Increased Criminal Penalties For Drug Possession in Oregon: Democrats Reach Consensus

Salem, OR: Under a revised bill that might be heard as soon as this coming Friday, Democrats in Oregon would increase the possible criminal penalties for drug possession from their original plans.

Top Democrats have now agreed to enable prison terms of up to 180 days for anyone found with tiny quantities of narcotics such as heroin, meth, or fentanyl, in an effort to garner support for their comprehensive plan to tackle the state’s addiction epidemic. For weeks, the party had maintained that 30 days would be more realistic, but Republicans, police, and city governments all strongly opposed the plan.

House Bill 4002, which is scheduled to be reintroduced by Democrats in the next days, also undermines a clause that would have mandated that, instead of sending anyone apprehended with narcotics to jail, police should offer to connect them to treatment.

The purpose of such “mandatory deflection” was to provide drug users with an option to evade criminal prosecution. However, it is now just voluntary according to the updated bill.

Dems from Portland and Bend, Sen. Kate Lieber and Jason Kropf, expressed their hope on Wednesday that HB 4002 will get enough bipartisan support to succeed in return for the adjustments. They are hoping to defuse a possible ballot issue that would seek a more severe rollback of the state’s drug decriminalization statute, which has been in place for three years, with the help of new support from police enforcement.

According to Lieber and Kropf, House Bill 4002 will mostly stay the same. The expansive measure aims to strengthen addiction programs across the state and increase access to drugs that help alleviate opioid withdrawal. There would be stricter punishments for drug traffickers operating in close proximity to homeless shelters, treatment centers, or parks, and it would be simpler to convict those involved.

The original version of HB 4002 proposed a 30-day jail sentence for the class C misdemeanor offense of possessing illegal drugs.
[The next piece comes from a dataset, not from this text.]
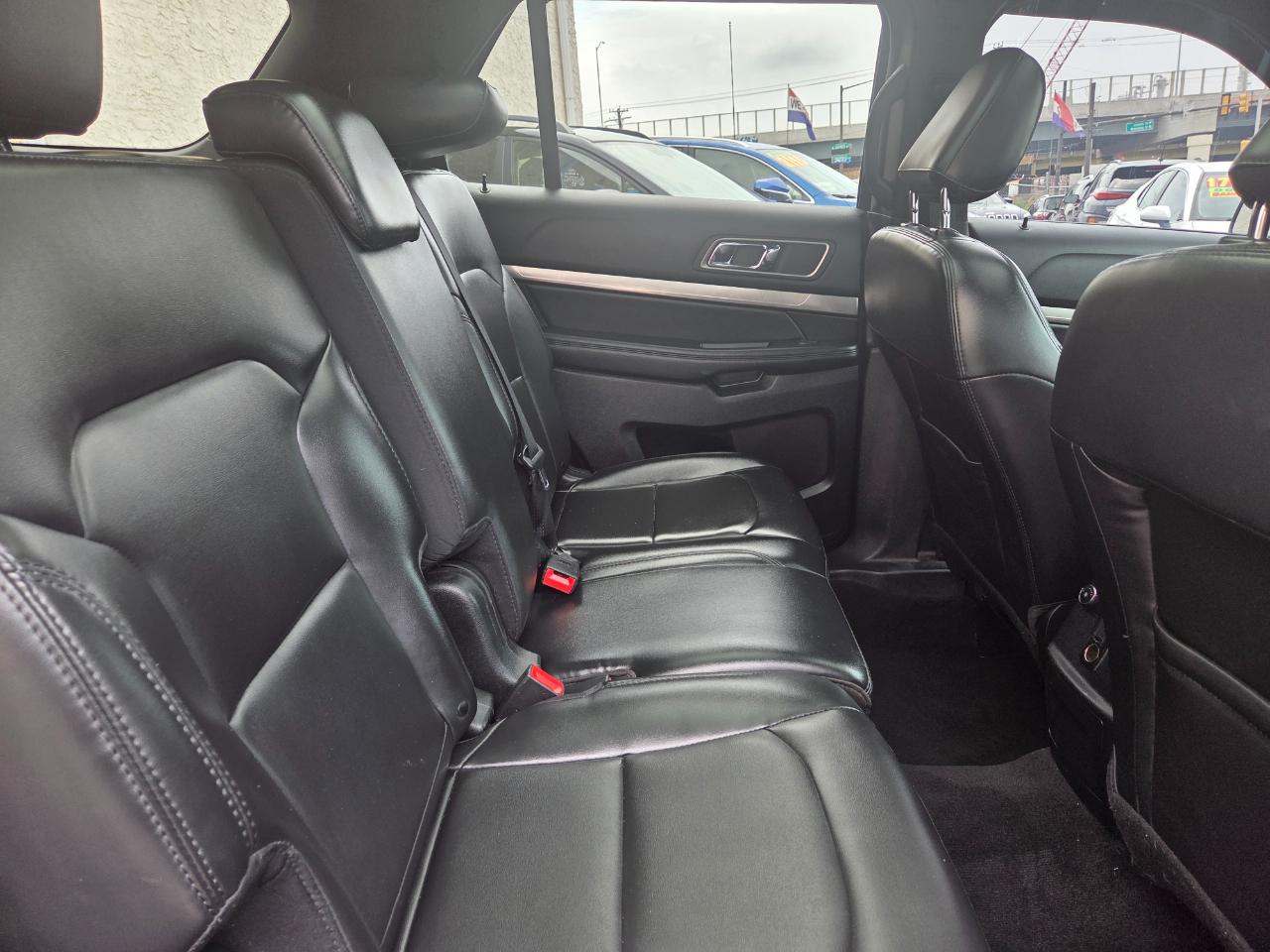 Ford Explorer  2019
Police, district attorneys, municipalities, and counties pushed back against the plan, arguing that a class A misdemeanor with a maximum sentence of one year would be more appropriate. Some groups have spoken out against it, claiming that reinstituting criminal sanctions will have devastating effects.
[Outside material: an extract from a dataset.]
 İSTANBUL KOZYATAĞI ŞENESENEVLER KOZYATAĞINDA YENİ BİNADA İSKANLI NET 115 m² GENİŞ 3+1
Even though their proposed crime had a greater maximum sentence, Kropf and Lieber claimed it contained more lenient elements. They stressed that therapy may keep a person’s record clean and that a conviction did not automatically result in jail time. Compared to the Democrats’ original proposal, which contained the possibility of a 15-day term upon conviction, it is less severe.
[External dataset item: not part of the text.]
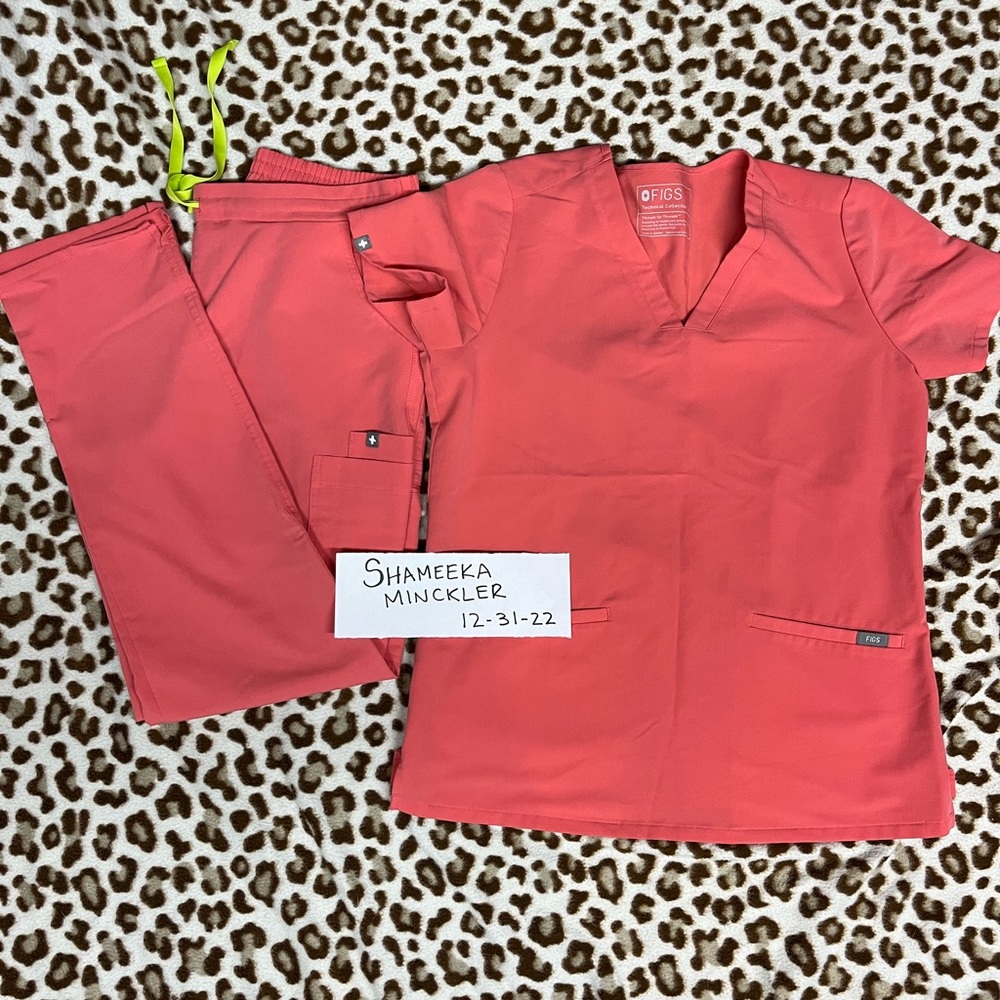 Neon pink figs set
Violating probation carries a possible prison sentence of up to six months, while losing probation carries an even harsher sentence of up to one year. Their release to engage in an inpatient or outpatient treatment program is still an option, according to Kropf.

Possession convictions are expungable after three years. Lieber and Kropf stated that the potential fines would not be effective until September, giving counties time to establish new treatment programs.

In an effort to appease their detractors, Democrats withdrew a crucial feature from their original plan: the “mandatory deflection” clause, which they had thought would encourage individuals to seek treatment instead of going to prison. Alternatively, counties can now choose to implement a system that directs individuals to treatment prior to their arrest.

A recurrent theme in the statement was the repeated disregard for the actual hardships endured by those most affected by criminalization. There has been a consistent disregard for the mounting evidence that the recriminalization of addiction is ineffective.

Meanwhile, lawmakers have suggested that revisions to the law are inevitable and that they ought to take the lead.

With the support of billionaires in Oregon and the leadership of a former head of the state’s department of corrections, a coalition has introduced a ballot issue that would lead to harsher criminal penalties than what Democrats have decided upon.

Oregonians may be inclined to pass it in November due to growing disillusionment with the state’s liberal drug policy, according to polls.